Number Use in Language:

a Quantitative and Typological Investigation

 

Project funded by the ESRC (R000222419)

directed by Professor G. G. Corbett, University of Surrey

Research Fellow: Dr Andrew Hippisley

 

Dataset deliverable

 

Description document

 

Andrew Hippisley, University of Surrey

 

 

Abstract

 

The researchers Corbett, Hippisley, Brown and Marriott have investigated the relationship between number availability and number use. One of the deliverables promised was a dataset of nouns from the Uppsala corpus encoded for frequency information, case and number features, as well as semantic information, i.e. animacy category. This document contains a description of the dataset column by column, and in some cases a note on methodology. The researchers are grateful for the support of the ESRC (grant no. R00002222419).

 

1. Background

 

An important contribution to linguistic typology was Smith-Stark's hierarchy of number availability, an extended version of which is given in (1). Nouns with number marking (formally distinguishing singular and plural) typically occupy some top portion. Different languages make the 'split' at different points on the hierarchy (e.g. only Speaker, Addressee, and Kin terms may mark number).

 

(1)

The chief aim of the ESRC project was to investigate to what extent Smith-Stark's hierarchy of number availability impacted on the way number was used. The general methodology was to analyse the way in which the nominals of a one million word Russian corpus distributed their singular and plural forms, and compare that with the nominals' position on the Smith-Stark hierarchy. This task was carried out using the concordance and word list tools in the WordSmith concordance package.

 

 

2. The corpus

 

The Uppsala corpus is a set of sub-corpora of various genres, containing in total about 1 million words. It is considered the best Russian corpus available, in terms of scope and design. For information on the Uppsala corpus, see Lönngren (1993) and Maier (1994).

 

3. The dataset

 

The dataset is in the form of a Microsoft Excel document where case, number (singular and plural), and animacy information about the nouns occurring in the Uppsala corpus are given numerical values, corresponding to case features, animacy features, and frequency. The lexemes recorded in the dataset are those represented by a word form occurring more than five times. The dataset contains around 5440 lexemes, accounting for around 243000 word forms from the entire 1million word corpus.

 

In oder to present the data as a Microsoft Excel document (diacritics cannot be used), we adopted the following translitertaion system.

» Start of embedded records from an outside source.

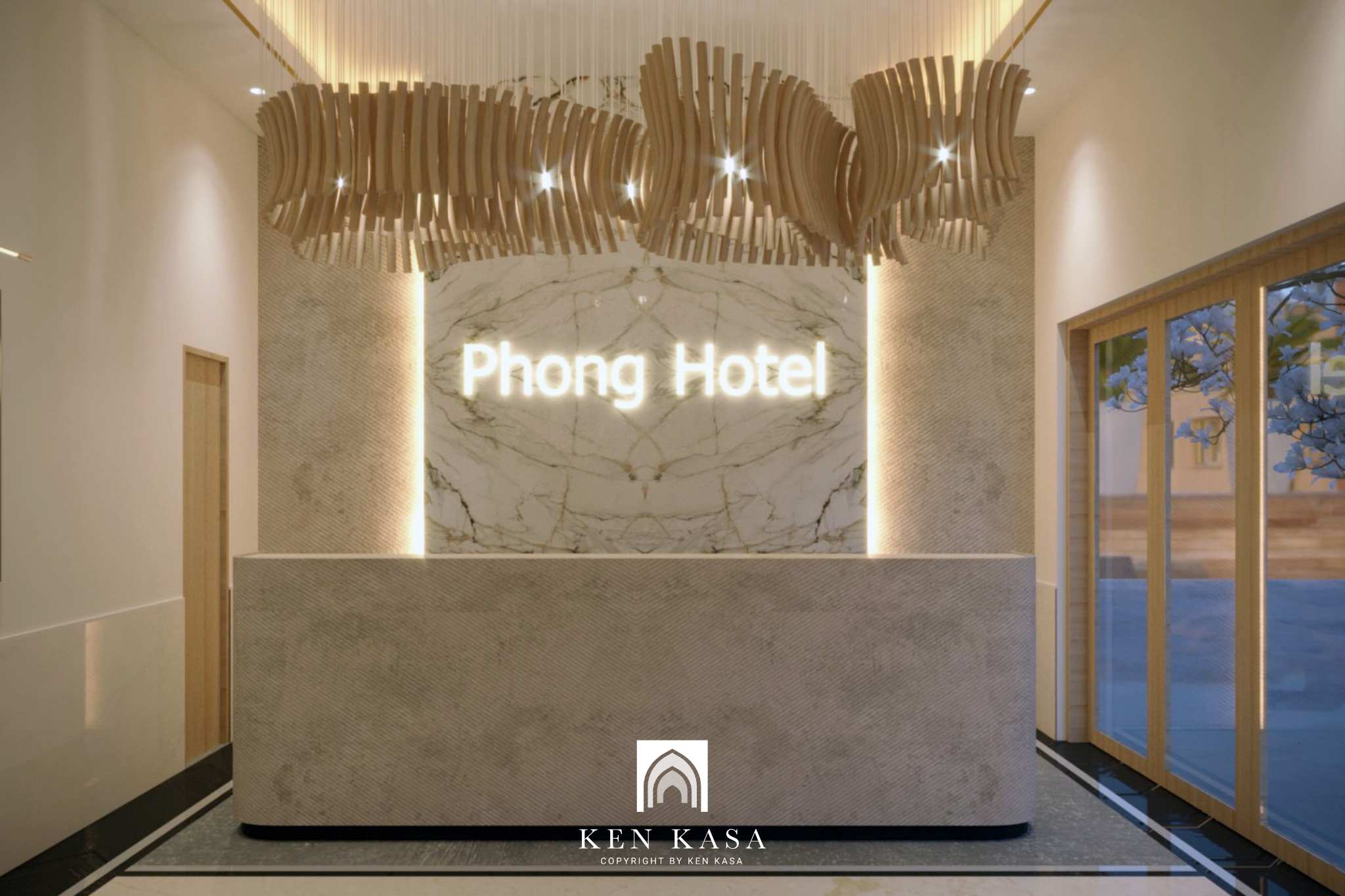 Thiết kế Phong Hotel tại Phú Quốc - không gian nghỉ dưỡng trẻ trung và hiện đại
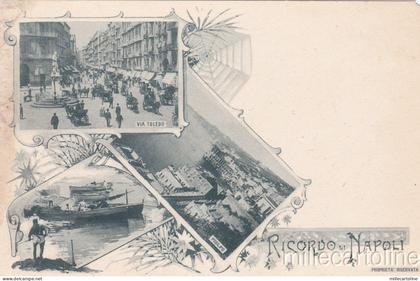 * NAPOLI - RICORDO DI NAPOLI - Via Toledo e Posillipo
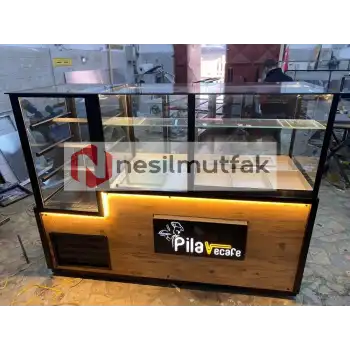 Benmari ve Pasta Tezgahı Seti Ahşap Model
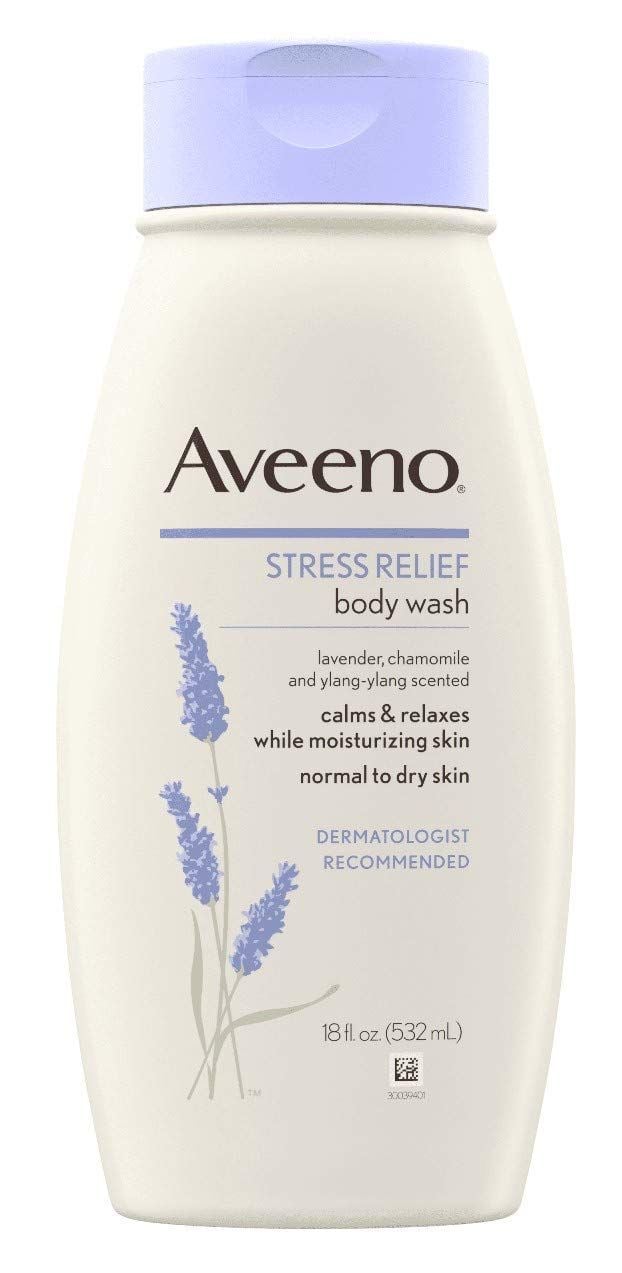  Sữa tắm Aveeno Stress Relief Body Wash Calm&Relax 18Oz 532ml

4. Description of the columns in the dataset

 

We consider each column in the dataset in turn. The information recorded for some columns involved additional analysis of the corpus (for example affixal homonymy) and in these cases we outline the methodology adopted for retrieving the required information.

 

4.1 Columns: Lexeme, Gloss

 

The lexemes, the amalgamation of all word-from of a noun lexeme, are arranged in frequency order. They appear with a gloss.

 

 

 

4.2 Columns: Animacy

 

Each lexeme has been recorded for animacy category, based on our extended version of the Smith-Stark hierarchy as shown in (1) above. Animacy has been recorded numerically, and the correspondence between animacy and numerical index is given in Table 1.

 

Animacy

numeric index

Kin

3

Non-human rational

4

Human rational

5

Human non-rational

6

Animate

7

Concrete inanimate

8

Abstract inanimate

9

 

TABLE 1: Animacy category and its numeric index in the dataset

 

 

4.3 Columns: ‘Frequency’, ‘Sg’, ‘Pl’, ‘Pl/freq’

 

Frequency information for each lexeme is recorded in the last four columns. This information is broken down into overall frequency (‘Frequency’), all singular occurrences (‘Sg’), all plural occurrences (‘Pl’), and the proportion of all the occurrences of the lexeme which are plural (‘Pl/freq’).

 

 

4.4 Columns: ‘NomSg’, ‘GenSg’, ‘DatSg’, ‘InstSg’, ‘LocSg’, ‘NomPl’, ‘GenPl’, ‘DatPl’, ‘InstPl’, ‘LocPl’

 

In Russian there are two number values (singular and plural) and six cases. These are: nominative, accusative, genitive, dative, instrumental, and locative. As a typical member of Indo-European Russian is a fusional type language where a single ending fuses case and number information. The columns above correspond to the case and number combinations.

 

Methodological implication

 

The case/number endings fall into a number of paradigms. The main noun classes in Russian are given in Table 2.

 

 

I

II

III

IV

 

stol ‘table’

karta ‘map’

kost´ ‘bone’

okno ‘window

SG

       

nom

stol

kart-a

kost´

okn-o

acc

stol

kart-u

kost´

okn-o

gen

stol-a

kart-y

kost-i

okn-a

dat

stol-u

kart-e

kost-i

okn-u

inst

stol-om

kart-oj

kost-´ju

okn-om

loc

stol-e

kart-e

kost-i

okn-e

PL

       

nom

stol-y

kart-y

kost-i

okn-a

acc

stol-y

kart-y

kost-i

okn-a

gen

stol-ov

kart

kost-ej

okon

dat

stol-am

kart-am

kost-jam

okn-am

inst

stol-ami

kart-ami

kost-jami

okn-ami

loc

stol-ax

kart-ax

kost-jax

okn-ax

TABLE 2: Russian noun classes

 

From Table 2 we see that there are four main groups, represented here by stol, karta, kost´, and okno. In classes I and IV each case/number combination is marked by a separate form, except for the direct cases. In the other classes their endings tend to merge. For example, in class II the suffix -y marks genitive singular and the direct cases in the plural. In class III the merging of endings is widespread. This makes the analysis of the nouns in the corpus a more complex task. Each word form occurrence which does not mark case and number had to be disambiguated by carefully examining the context in which the word form appears.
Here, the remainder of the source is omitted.